Print all of the data exactly, but drop the pictures.

(Beginning of The data)

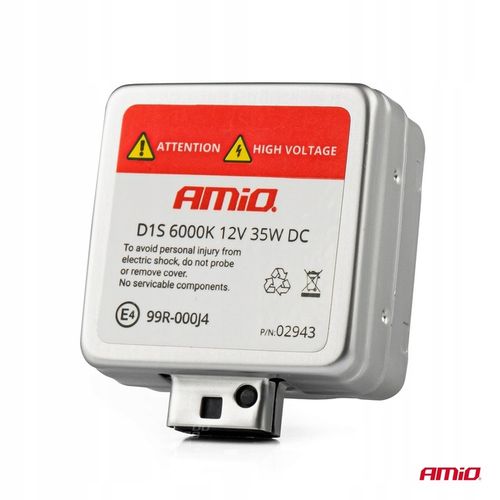 2x Żarówka ksenonowa żarnik xenon D1S PK32d-2 35W 6000K homologowana ZESTAW na Arena.pl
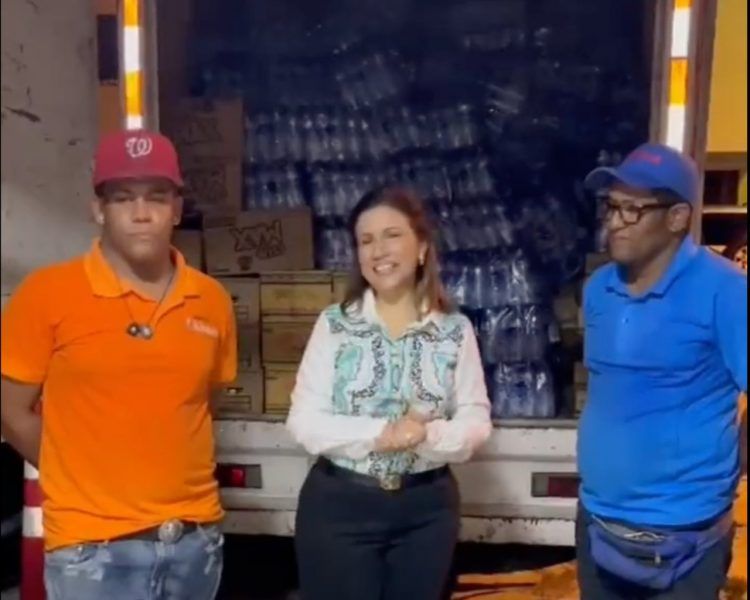 Margarita ofrece ayuda en zonas afectadas por huracán Fiona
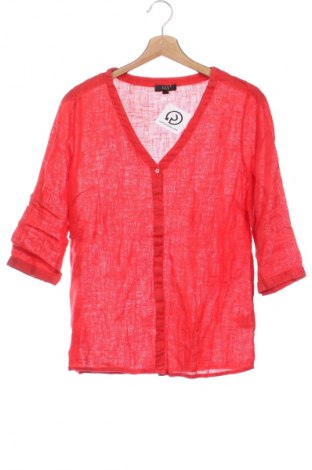 Damenbluse Un Deux Trois, Größe XS, Farbe Rot, Preis 18,49 €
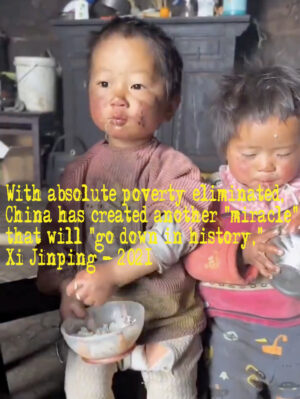 xi jinping poverty china 2021 communist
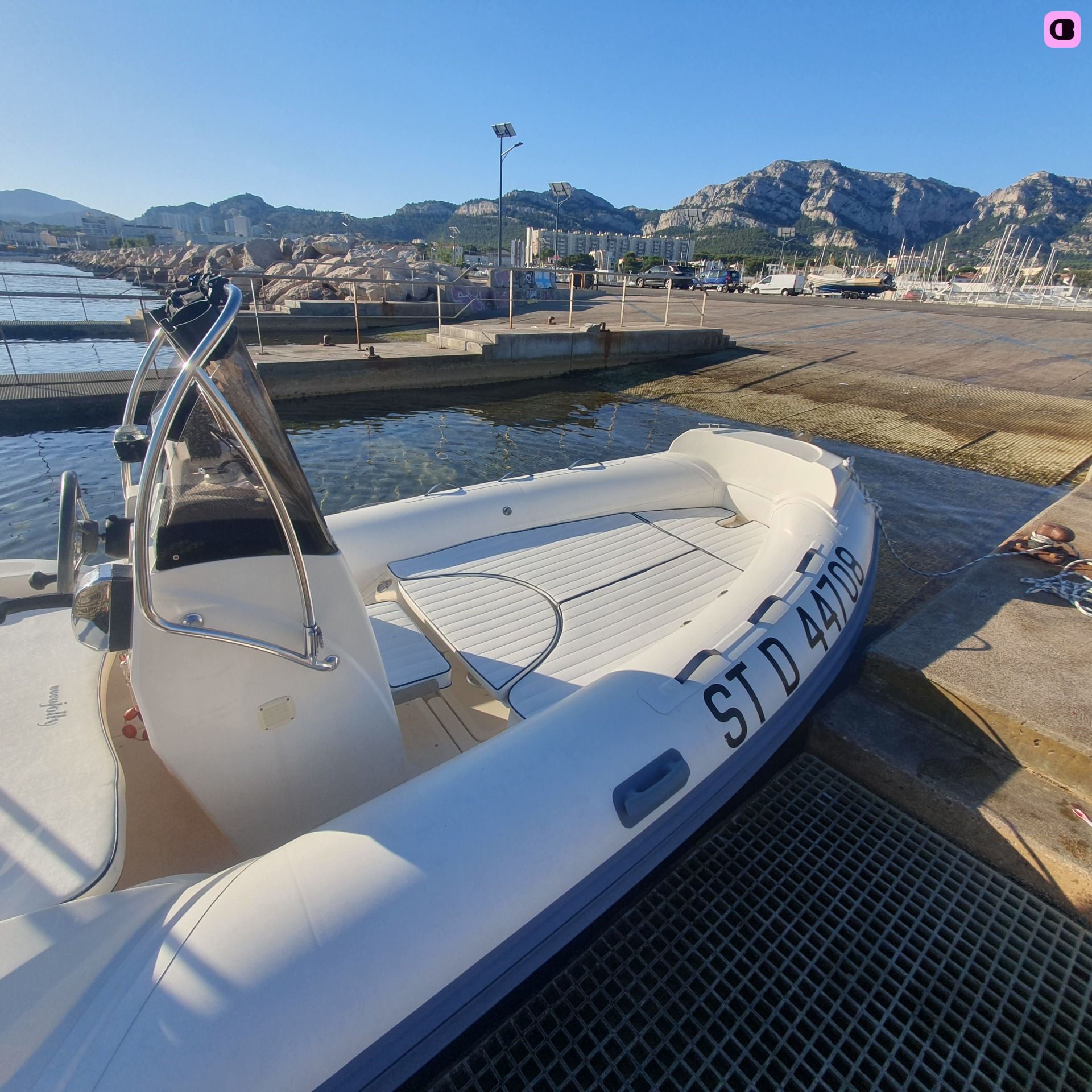 Semi-rigide Nuova Jolly King 500 exclusive 80cv 2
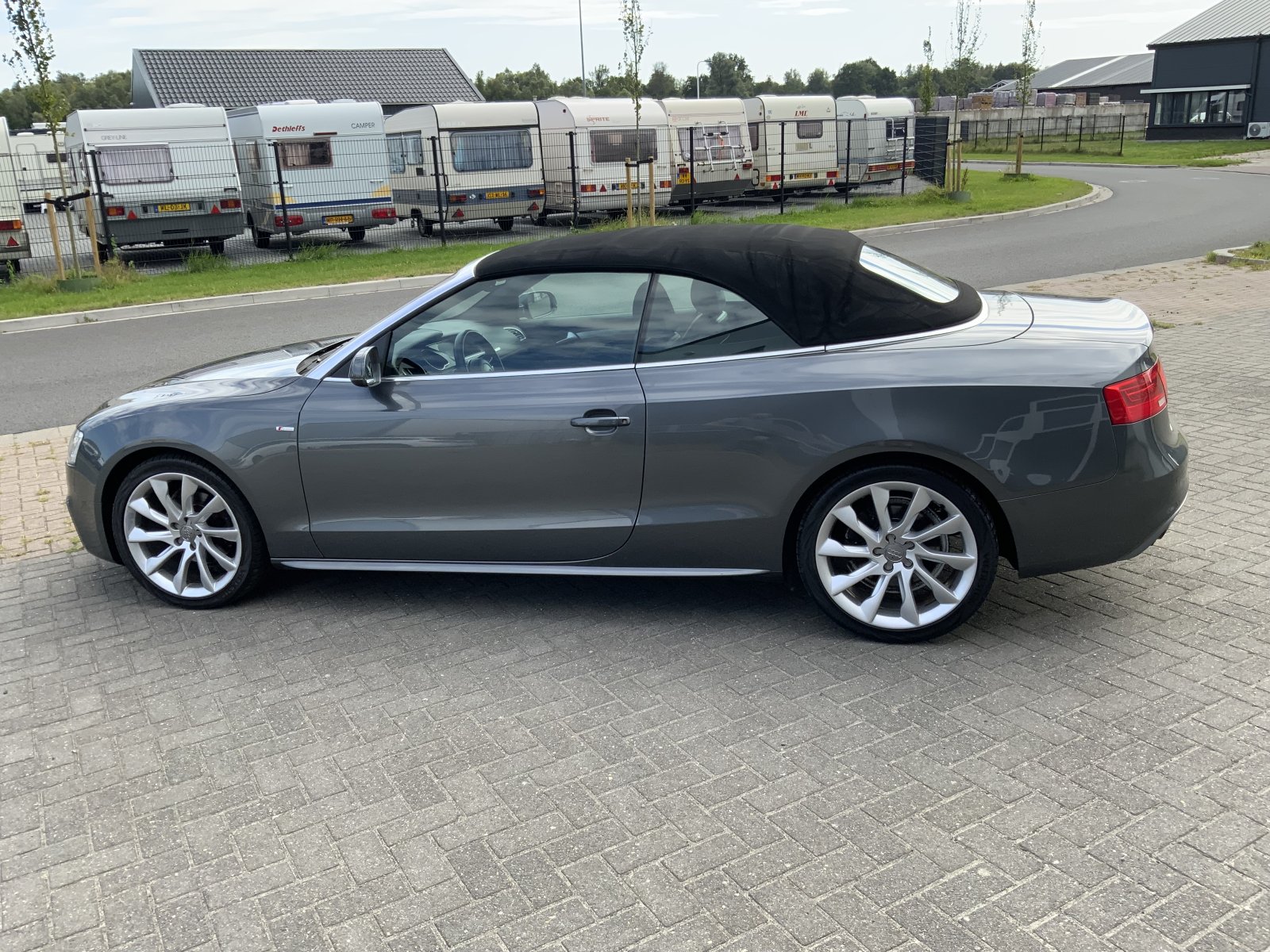 Inspectiefoto van Audi A5 Cabriolet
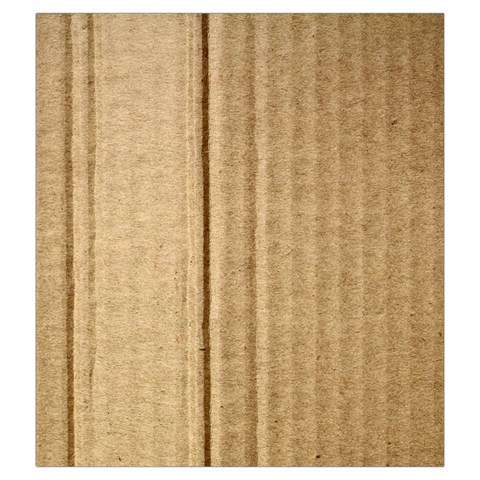 Brown Cardboard Texture Macro, Cardboard, Cardboard Drawstring Pouch (2XL) from ArtsNow.com Back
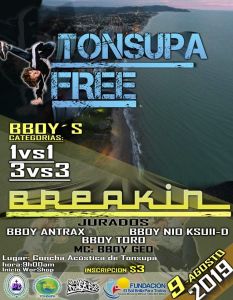 Tonsupa Free 2019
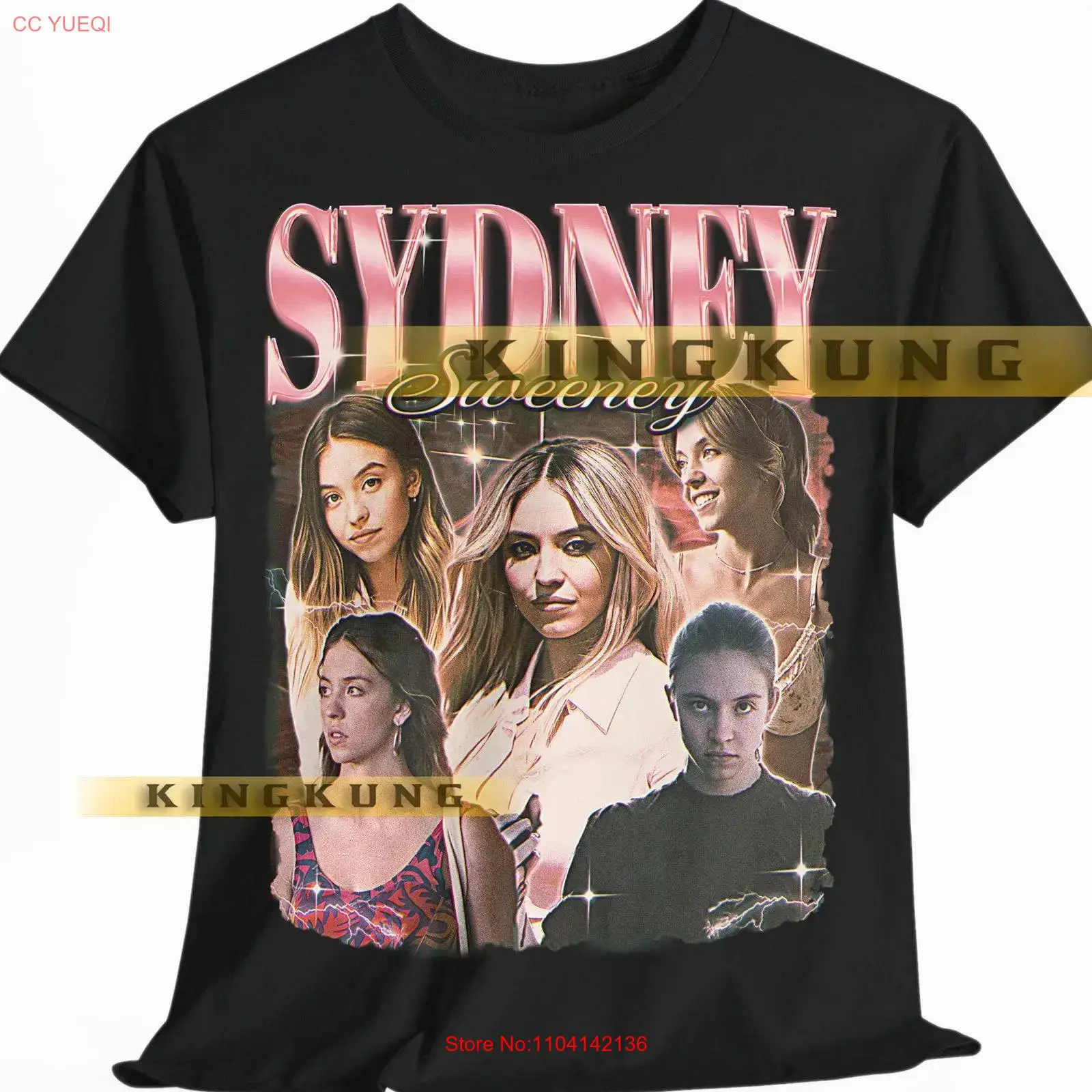 T-shirt SYDNEY SWEENEY Vintage - Men'S Fashion Sydney recensione e prezzo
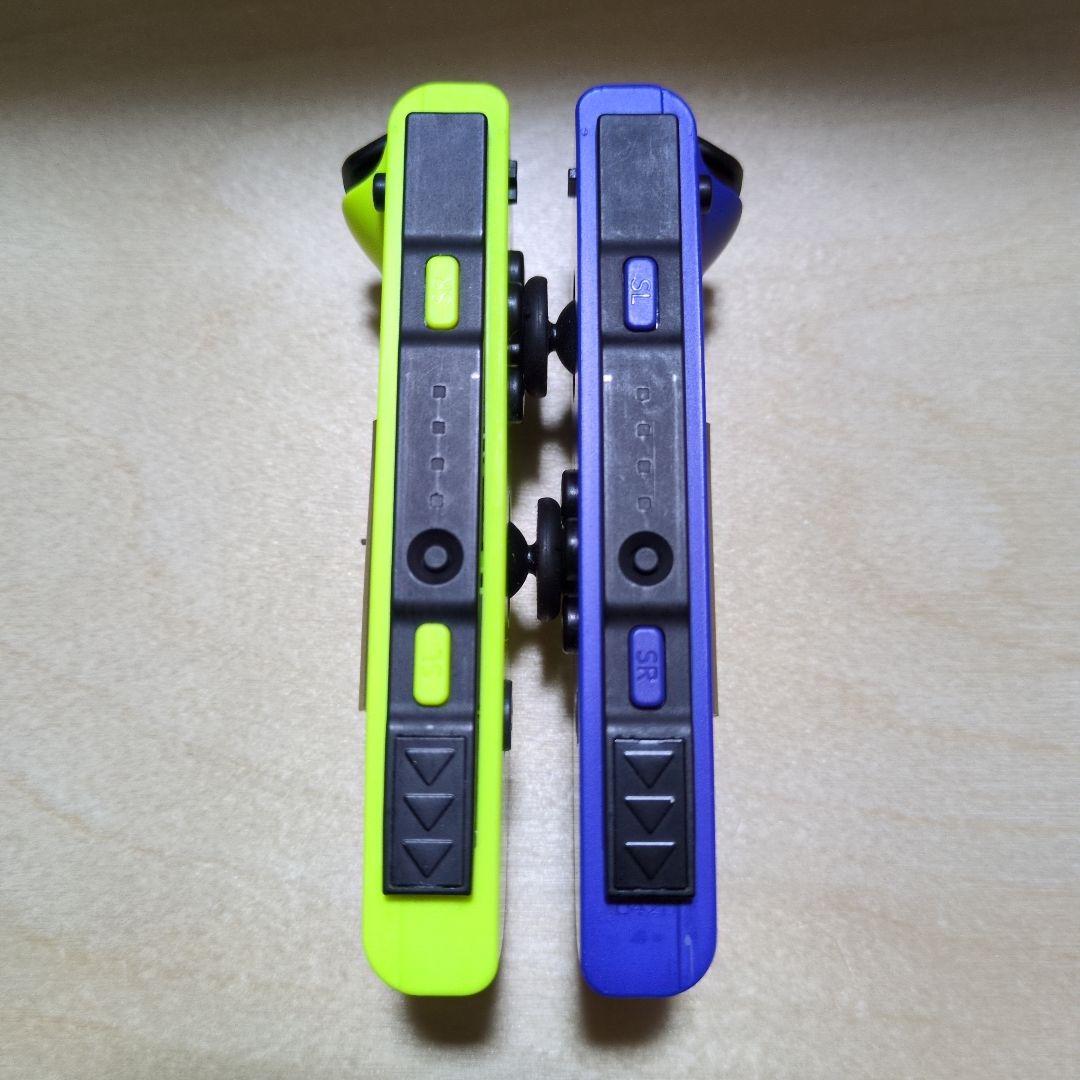 Nintendo Switch ジョイコン 高耐久スティック交換済み 青 黄 - メルカリ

(End of The data)

### Written response:
 2x Żarówka ksenonowa żarnik xenon D1S PK32d-2 35W 6000K homologowana ZESTAW na Arena.pl
 Margarita ofrece ayuda en zonas afectadas por huracán Fiona
 Damenbluse Un Deux Trois, Größe XS, Farbe Rot, Preis 18,49 €
 xi jinping poverty china 2021 communist
 Semi-rigide Nuova Jolly King 500 exclusive 80cv 2
 Inspectiefoto van Audi A5 Cabriolet
 Brown Cardboard Texture Macro, Cardboard, Cardboard Drawstring Pouch (2XL) from ArtsNow.com Back
 Tonsupa Free 2019
 T-shirt SYDNEY SWEENEY Vintage - Men'S Fashion Sydney recensione e prezzo
 Nintendo Switch ジョイコン 高耐久スティック交換済み 青 黄 - メルカリ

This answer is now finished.